Material provided
──────────

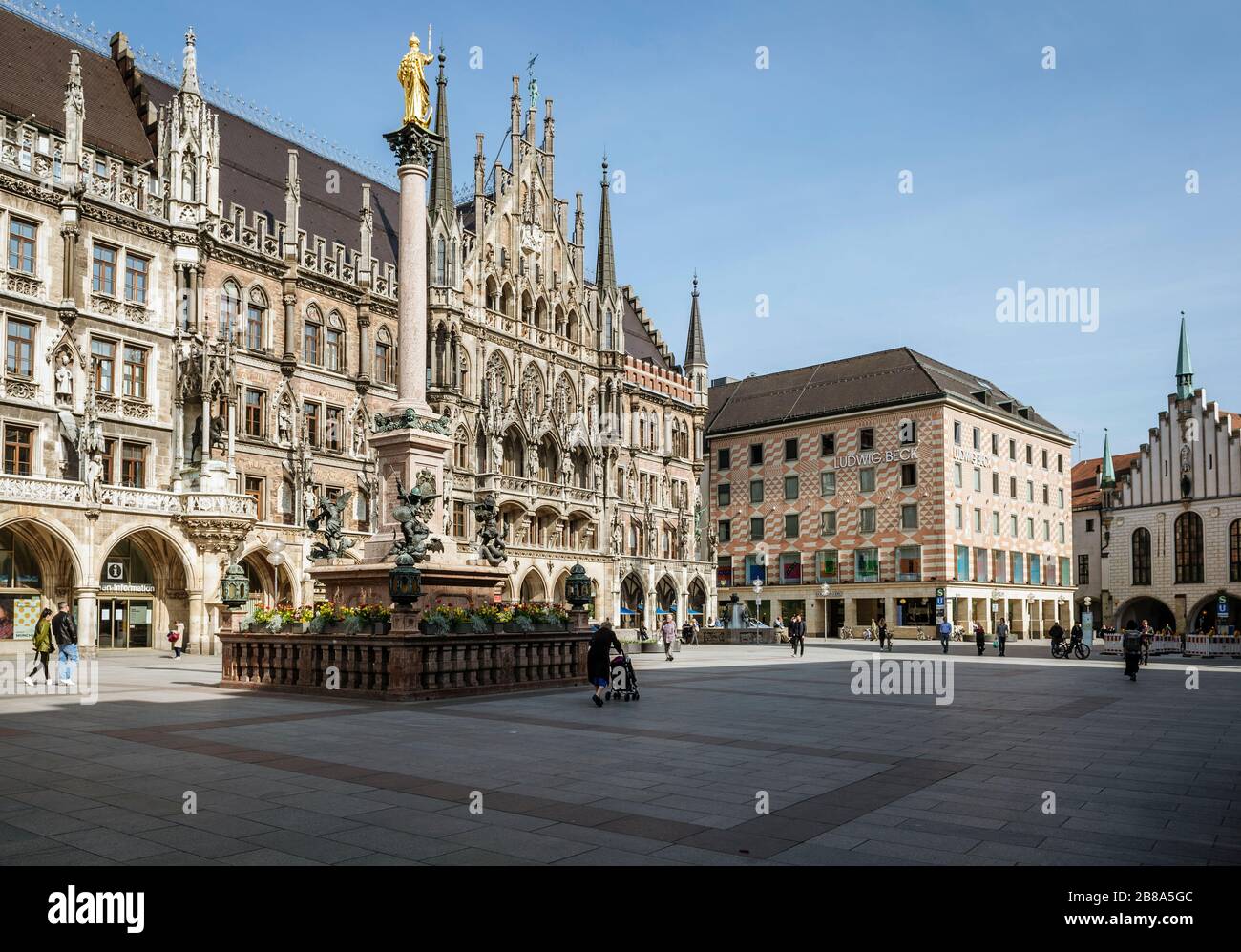Bayern-München-Deutschland, 20. März 2020: Nur wenige Menschen gehen auf dem Marienplatz in München, der in der Regel überfüllt ist, aber wegen der neuen Karre leer bleibt Stockfoto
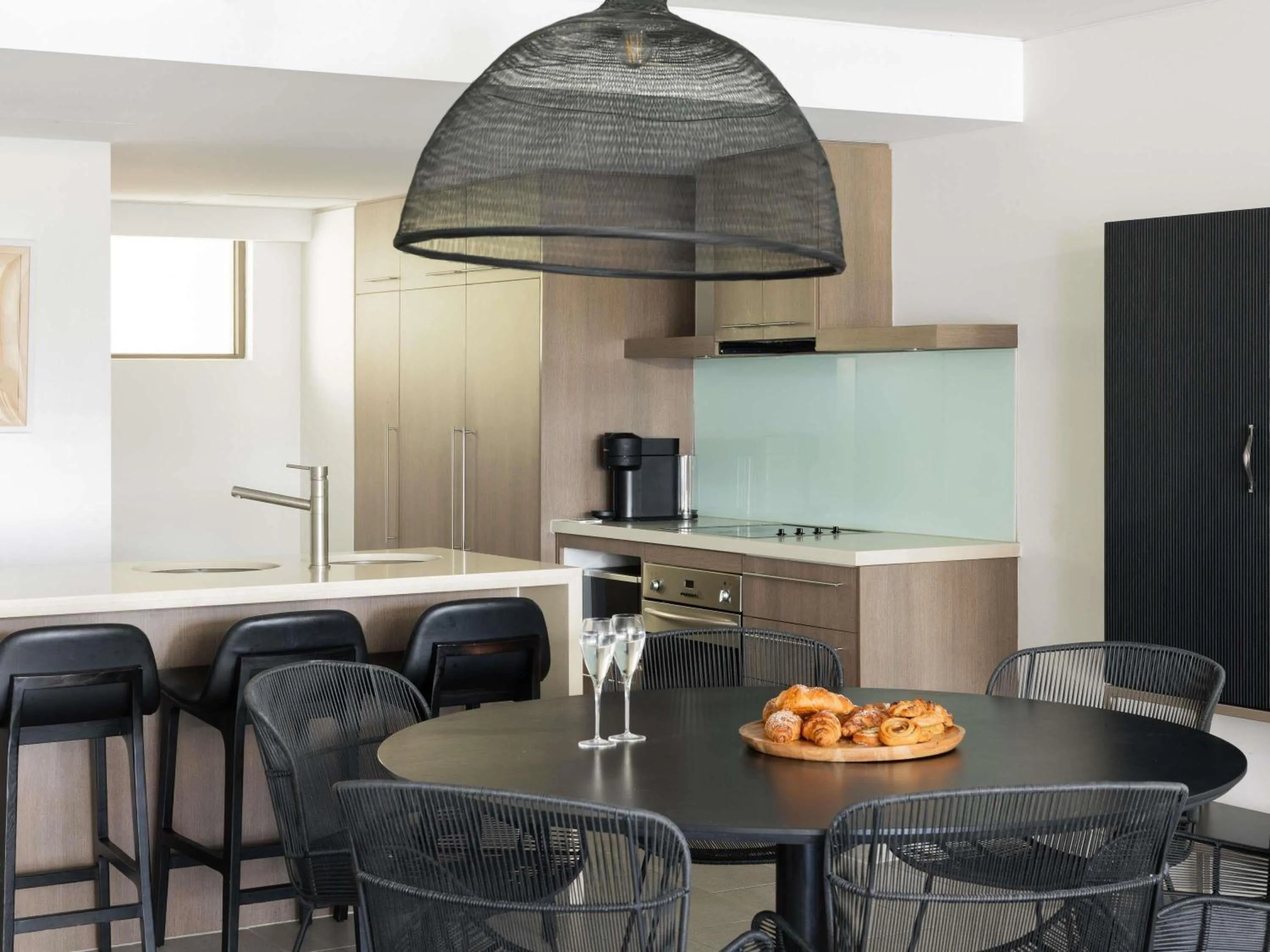 Bedroom in Pullman Palm Cove Sea Temple Resort & Spa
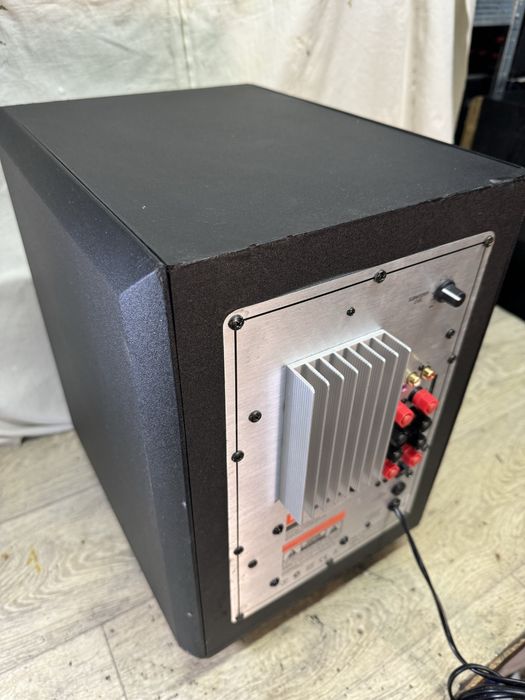 JBL SUB-200/230 8” активен субуфер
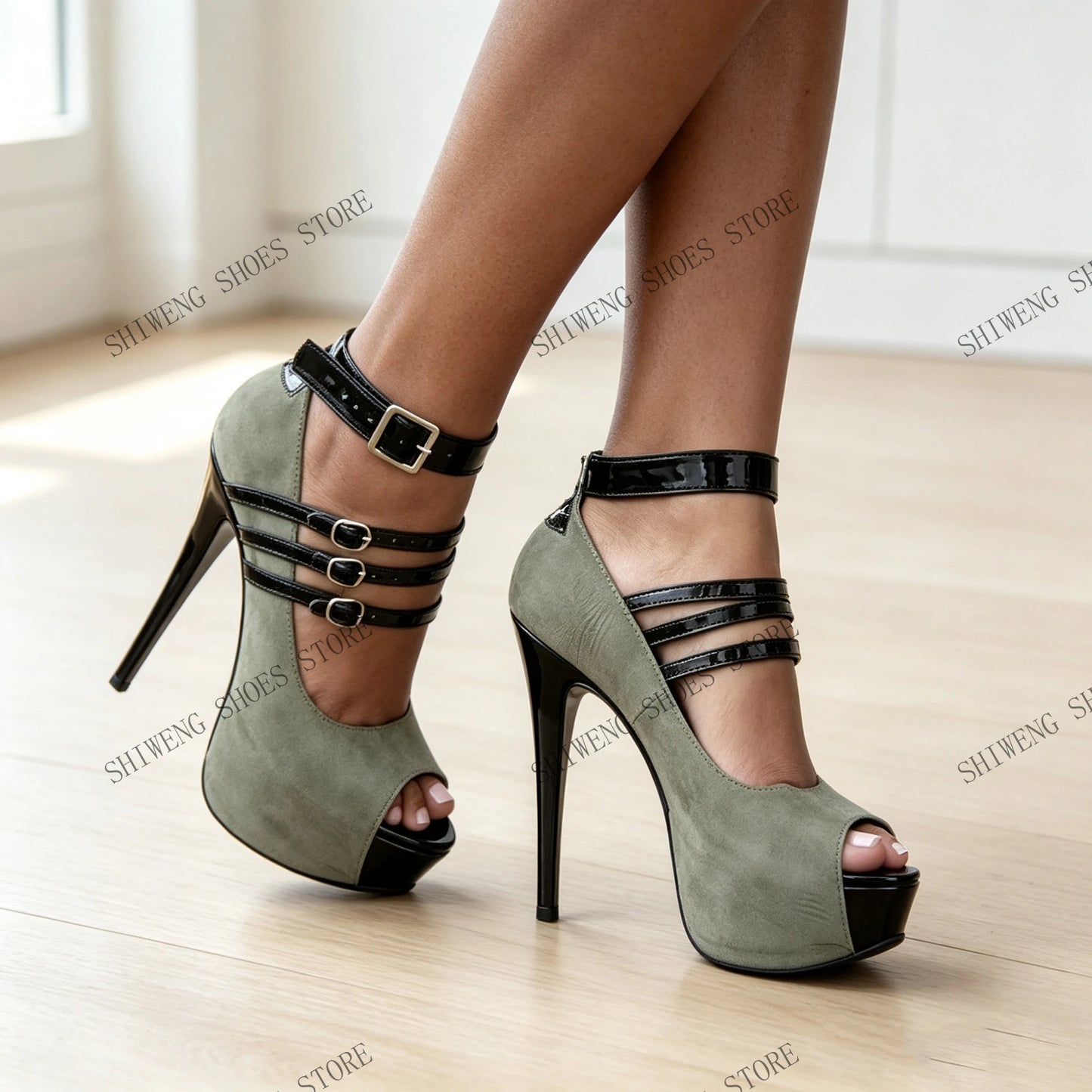 Peep Toe Platform Zippered Sandals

──────────

Exercise goal
Take the lines from the one that contains "Bedroom in Pullman" down to the last line of the listing above, both included, and set them down exactly, leaving out pictures.

Completed exercise
 Bedroom in Pullman Palm Cove Sea Temple Resort & Spa
 JBL SUB-200/230 8” активен субуфер
 Peep Toe Platform Zippered Sandals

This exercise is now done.